## MATERIAL FOR THIS EXERCISE
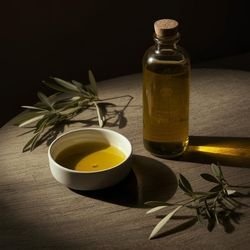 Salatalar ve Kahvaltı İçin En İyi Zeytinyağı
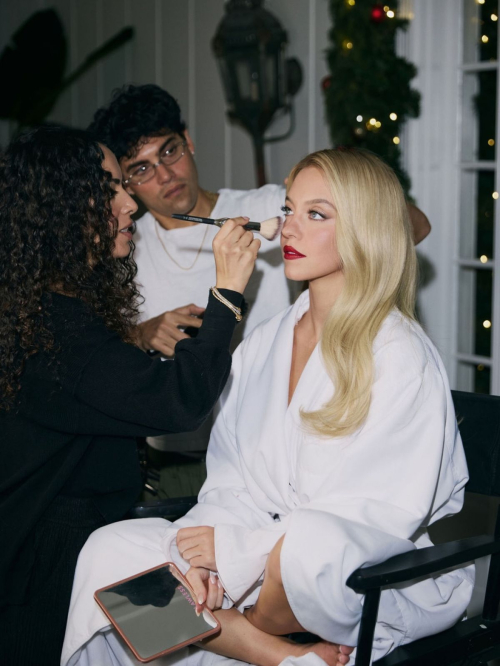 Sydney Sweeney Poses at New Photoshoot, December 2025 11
--
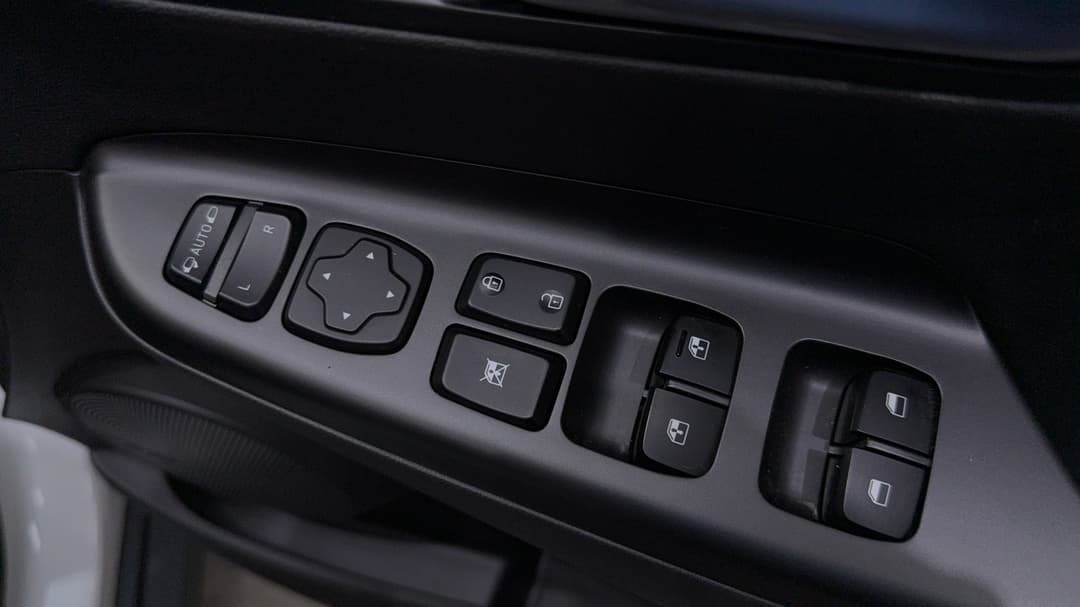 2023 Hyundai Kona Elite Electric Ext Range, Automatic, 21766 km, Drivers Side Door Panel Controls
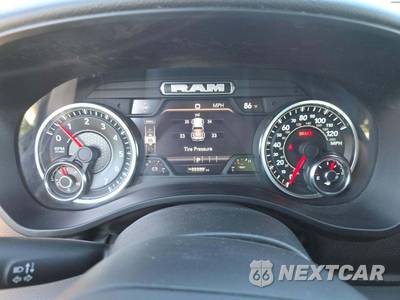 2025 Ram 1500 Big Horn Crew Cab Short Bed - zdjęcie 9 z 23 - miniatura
...
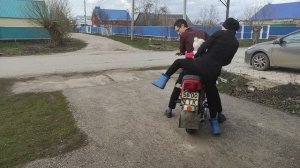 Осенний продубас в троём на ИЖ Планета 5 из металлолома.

## WORK INSTRUCTIONS
Write out word for word the lines of the listing above from the line with "2023 Hyundai Kona" to the line with "2025 Ram 1500", taking in both of those lines but no pictures.

## ANSWER AREA
 2023 Hyundai Kona Elite Electric Ext Range, Automatic, 21766 km, Drivers Side Door Panel Controls
 2025 Ram 1500 Big Horn Crew Cab Short Bed - zdjęcie 9 z 23 - miniatura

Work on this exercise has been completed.